■ Problem ■
Every entry must be duplicated word for word.

(Stored data entries)
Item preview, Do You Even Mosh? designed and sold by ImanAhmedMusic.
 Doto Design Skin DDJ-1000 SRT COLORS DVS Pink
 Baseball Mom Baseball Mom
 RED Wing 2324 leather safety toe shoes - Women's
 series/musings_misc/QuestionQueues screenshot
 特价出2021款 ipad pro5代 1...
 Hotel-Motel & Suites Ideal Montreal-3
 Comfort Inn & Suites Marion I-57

■ Task result ■
Item preview, Do You Even Mosh? designed and sold by ImanAhmedMusic.
 Doto Design Skin DDJ-1000 SRT COLORS DVS Pink
 Baseball Mom Baseball Mom
 RED Wing 2324 leather safety toe shoes - Women's
 series/musings_misc/QuestionQueues screenshot
 特价出2021款 ipad pro5代 1...
 Hotel-Motel & Suites Ideal Montreal-3
 Comfort Inn & Suites Marion I-57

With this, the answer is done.